Material provided >>
== Segment start ==

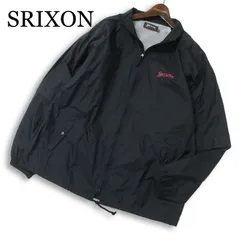 SRIXON スリクソン ゴルフ 通年 ロゴプリント★ ウィンドブレーカー ブルゾン ジャケット Sz.LL メンズ 黒 大きいサイズ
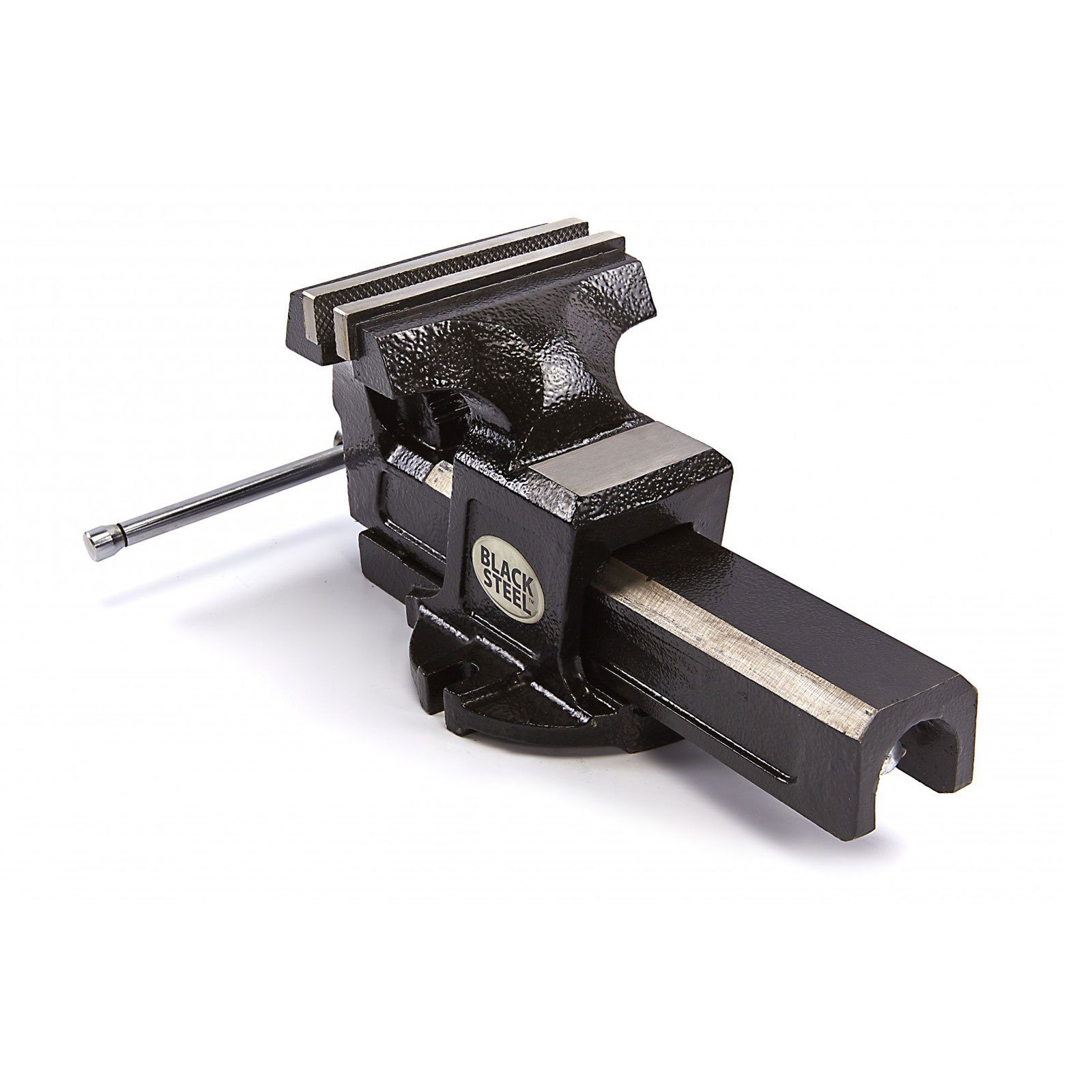 Weber GmbH Schraubstock Stahl-Schraubstock mit Rohrklemmung 200 mm, schwarz, Werkbankschraubstock feststehend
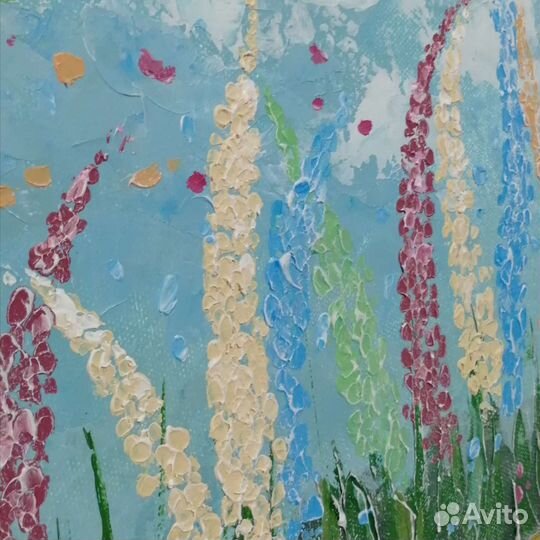 Картина интерьерная рельефная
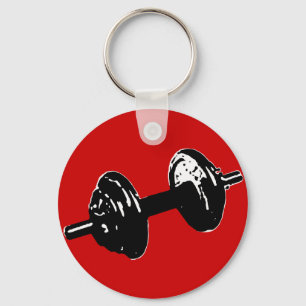 fitness weight keychain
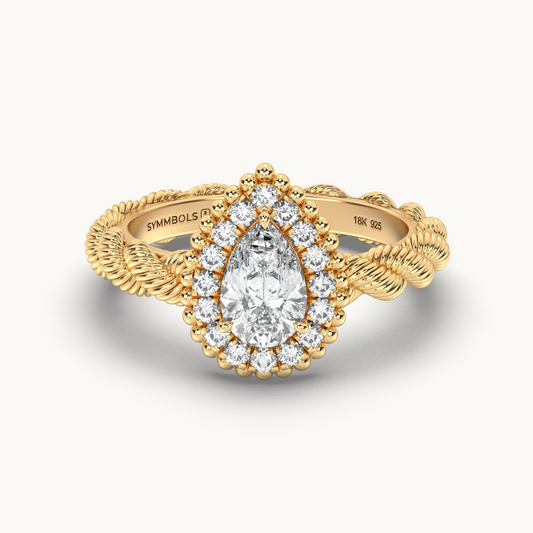 Vintage-Inspired Teardrop Ring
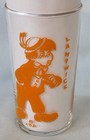 Disney Pinocchio Series 1940 Lamwick Orange 4 1 2  Tall Drinking Glass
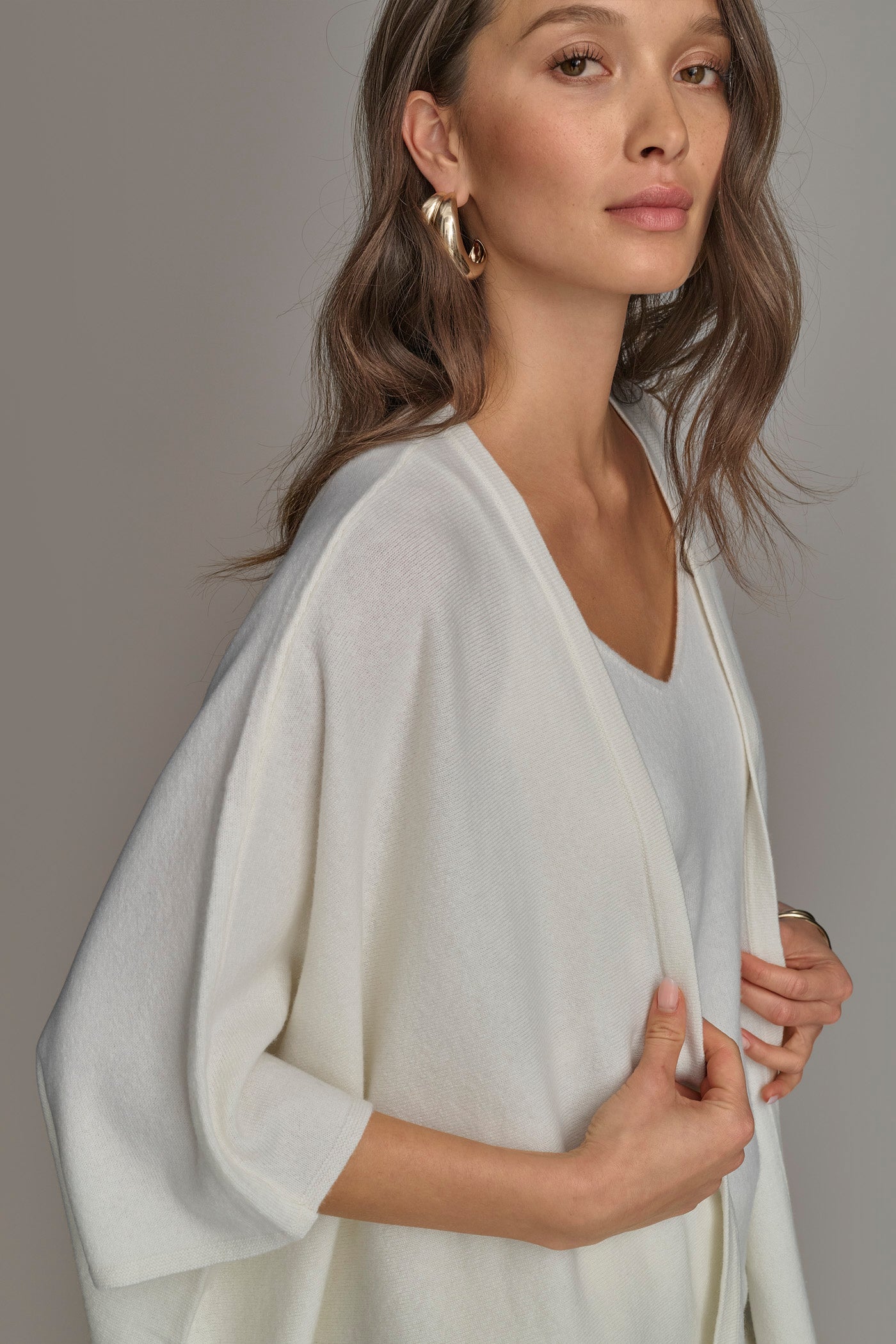 CASHMERE SHORT SLEEVE CARDIGAN VIEW 7 | Suits and Separates CASHMERE SHORT SLEEVE CARDIGAN VIEW 7 | Suits and Separates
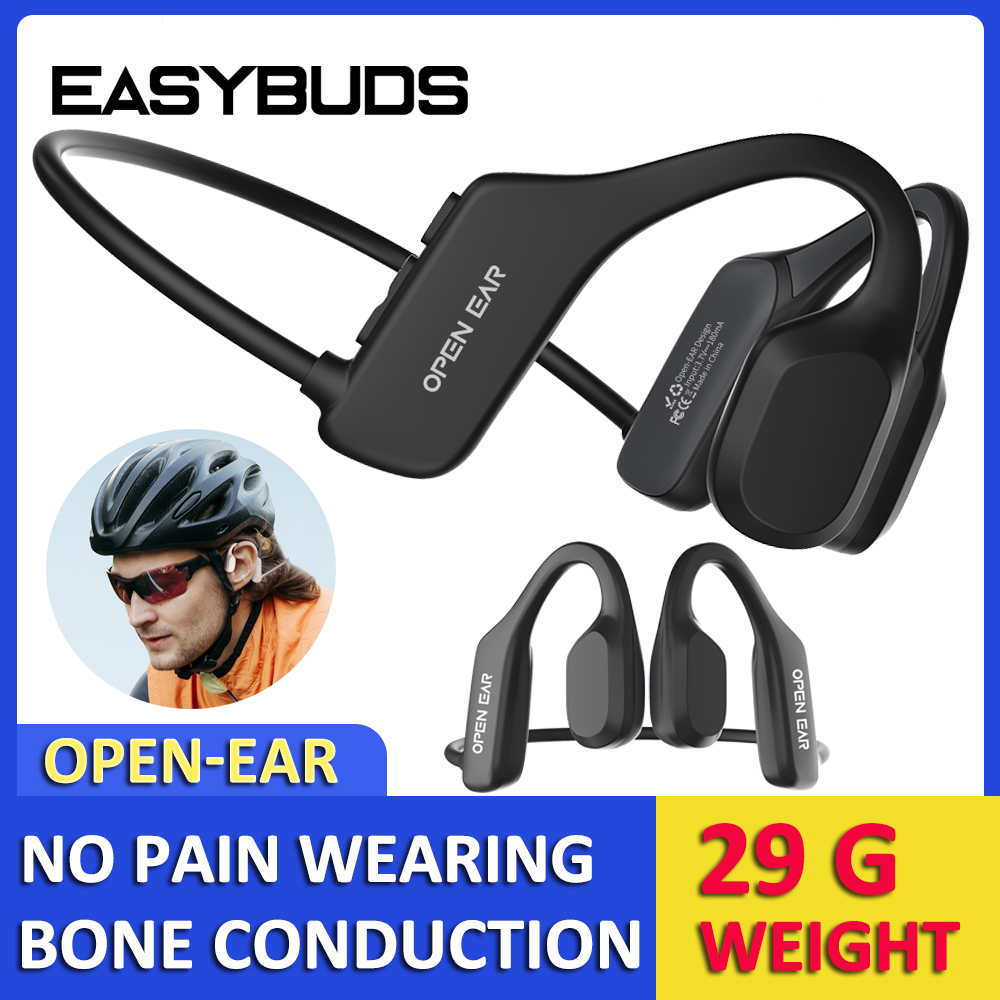 Bone Conduction Running Headphones - EASYBUDS Knochenleitungskopfhörer Sport Laufen Wasserdichtes Bluetooth-Headset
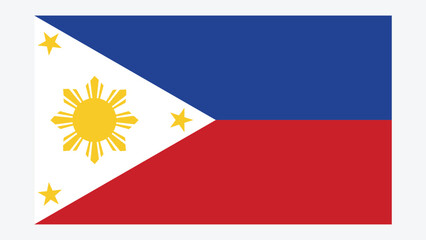 PHILIPPINES Flag with Original color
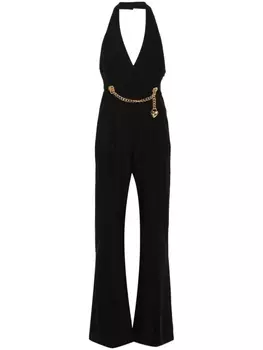 Moschino комбинезон с цепочкой, черный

== Segment end ==

Exercise >> A word-for-word repeat of the lines from the line with "Weber GmbH Schraubstock" to the last line of the data, both ends included and pictures left out, is all that should appear.

Written solution >>
 Weber GmbH Schraubstock Stahl-Schraubstock mit Rohrklemmung 200 mm, schwarz, Werkbankschraubstock feststehend
 Картина интерьерная рельефная
 fitness weight keychain
 Vintage-Inspired Teardrop Ring
 Disney Pinocchio Series 1940 Lamwick Orange 4 1 2  Tall Drinking Glass
 CASHMERE SHORT SLEEVE CARDIGAN VIEW 7 | Suits and Separates CASHMERE SHORT SLEEVE CARDIGAN VIEW 7 | Suits and Separates
 Bone Conduction Running Headphones - EASYBUDS Knochenleitungskopfhörer Sport Laufen Wasserdichtes Bluetooth-Headset
 PHILIPPINES Flag with Original color
 Moschino комбинезон с цепочкой, черный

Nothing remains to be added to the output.